You mention that they have one disk for OS, one for temp, one for data, etc. Instead you should use those three or four (or more!) disks in a nice RAID0 stripe set, so they are reading and writing across multiple disks at once.
If that gives them a big speedup, then you know that they're IO bound in their simulations.
Raj> SSD's are fine for reads but they're skeptical about writes. SAS Raj> apparently supports RAM disks but they're pretty pricey for the Raj> size they'd need.
It all depends on how large the data sets are and how much RAM the systems have. You don't mention any of that, so it's hard to know.
But in general, if they're IO bound, then I'd look into have a central system with multiple CPUs, but more importantly LOTS of spidles setup in RAID1 mirrors, then stripped across the pairs of mirrors so that they have both speed and reliability.
I'd also look into stuffing lots of RAM into the system to see if they can use RAM for their temp space. But it all depends on where the bottleneck is.
Raj> A bit of googling indicates SAS has a distributed processing Raj> mechanism. I'll have to chat to them about licensing (suspect its Raj> not cheap).
Time = $$$ for alot of people.
Raj> Anyone using their SAN's for storing or running weather, Raj> population or financial simulations (ie massive data-sets with a Raj> 50/50 mix of reads/writes) ?

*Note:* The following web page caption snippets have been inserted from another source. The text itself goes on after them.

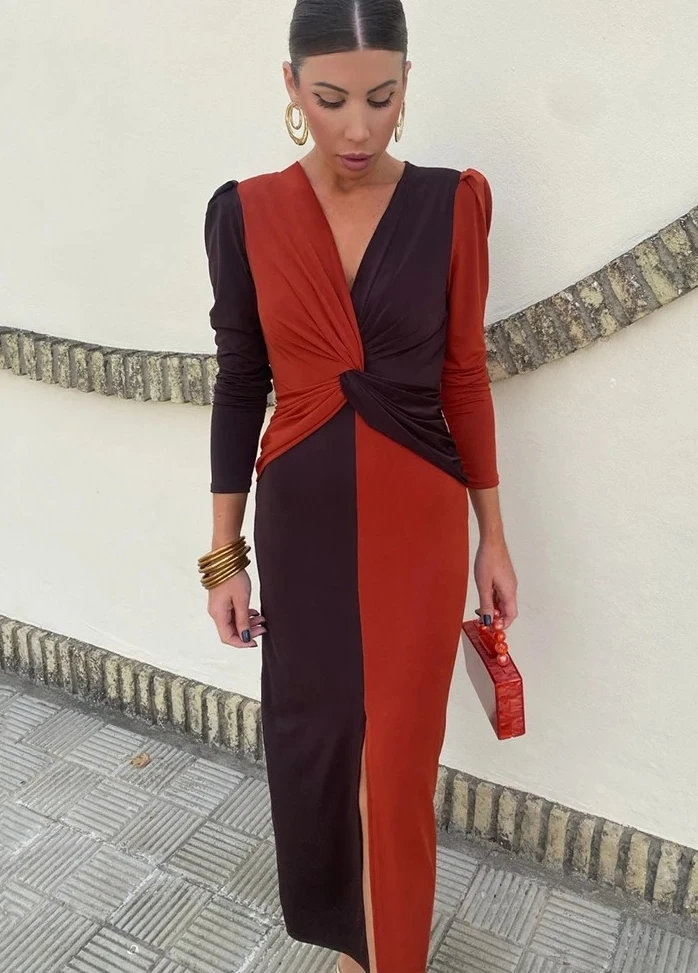 Vestidos femininos com decote em V manga comprida patchwork bodycon vestido maxi com fenda frontal e bloqueio de cores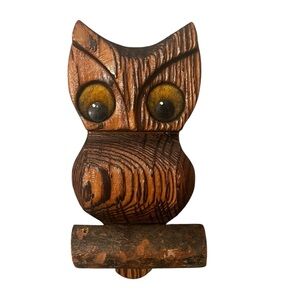 VTG MCM Wood Horned Striped Owl Handcrafted USA Felt Eyes Retro Wall Mount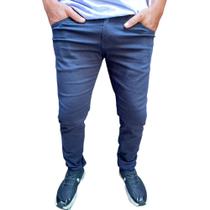 calça básica masculina caqui sarja varias cores com elastano fechamento em botão - sky jeans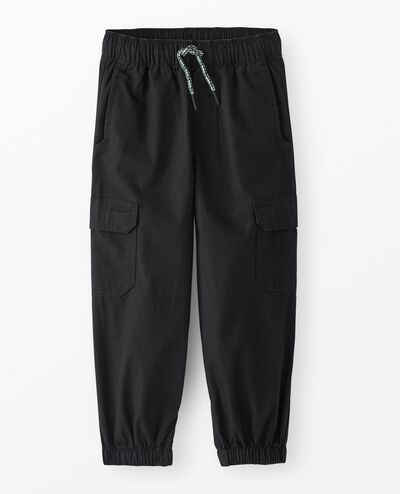 Loose Fit Poplin Cargo Joggers in Black - main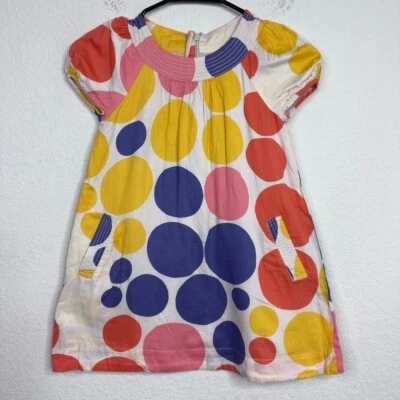 迷你紧身连衣裙女孩 5-6 岁五颜六色的圆点 A 字俏皮异想天开的夏天 — 第 1/4 张图片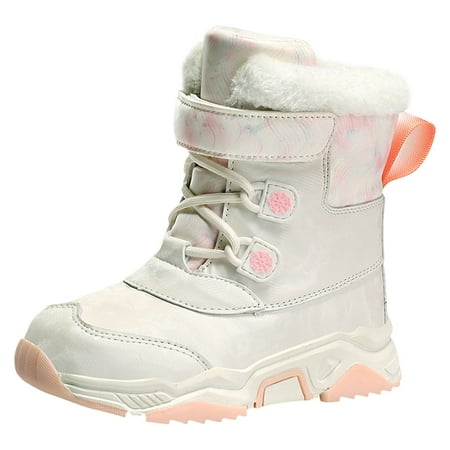 Kureaily Children Shoes Thick Sole Plus Velvet Thickening Snow Boots able Boys And Girls Outdoor Snow Boots Kids Booties for Girls Toddler Girl 11.5-12 Years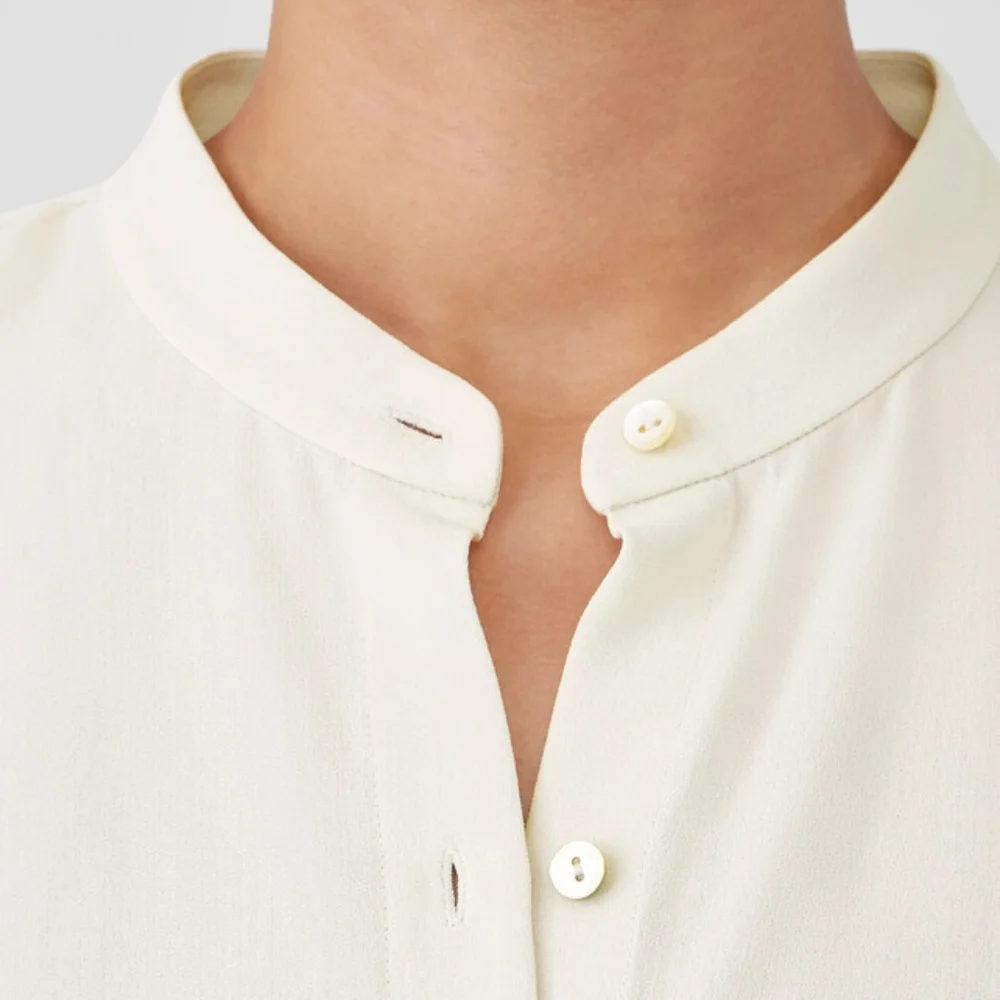 NWT EILEEN FISHER The System Bone Ecru Silk Crepe Button Up Sleeveless B… - Picture 9 of 10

It sounds like you're doing streaming reads/writes, i.e. reading in a large data set in chunks, running calculations with a fair amount of locality, then streaming out results or processed data. In that case, throughput, not CPU, is your big problem.

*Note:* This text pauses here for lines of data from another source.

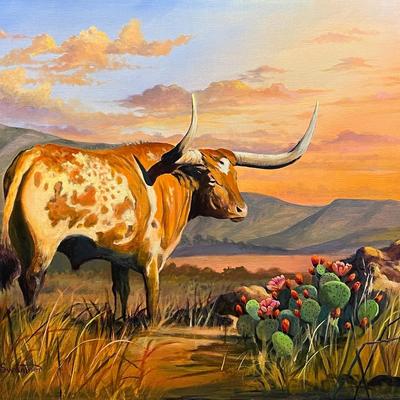 Lone Star Steer 24" x 30" Oil on Canvas, Reserve Price $1800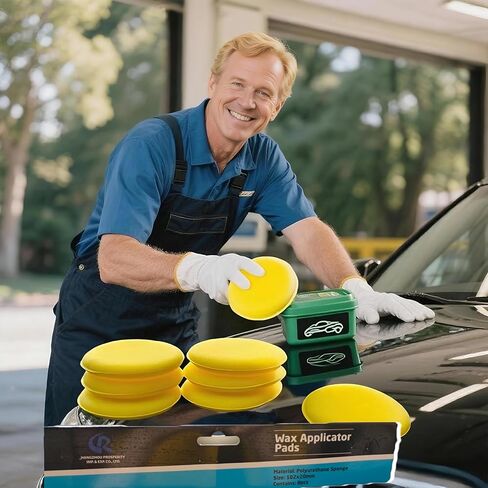 وسادات لوضع المكياج من الألياف الدقيقة مقاس 4 بوصات، أداة وضع شمع السيارة، باللون الأصفر، 8 عبوات بدون ضغط وتلميع إسفنجي للسيارة والحمام وتنظيف الجلود والتلميع الدقيق in Kuwait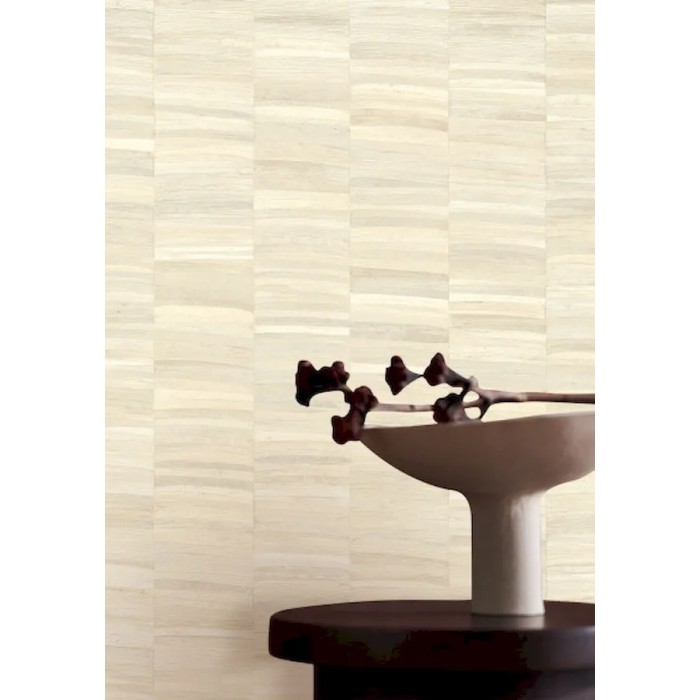 Casamance|Papel pintado fibra natural rayada blanco|Papel Pintado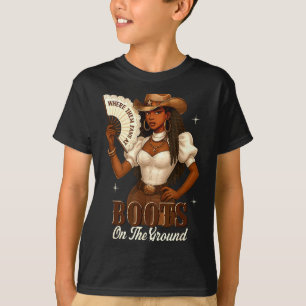 Schwarze Geschichte Stiefel Am Boden Cowgirl Weste T-Shirt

And I suspect that Netapp won't be the solution here, but it's hard to know. Remember, a 1Gig network connection is 100MBytes/sec max, so if you have 40 compute nodes all trying to push that much data at once, that's ALOT. You'd want to goto 10Gig ethernet, etc.
But first things first. You need to characterize your data set and examine where the bottlenecks are. But thinking about it more, if they're willing to load datasets over the WAN, they can't be *that* big. So maybe it's TEMP writes which is killing their performance? Or contention between the single disk they're using for local storage.
So pull in a test case and look at what's really happening. Network IO, Disk IO, IO patterns, etc. Thne you know where to spend your time/money to speed things up.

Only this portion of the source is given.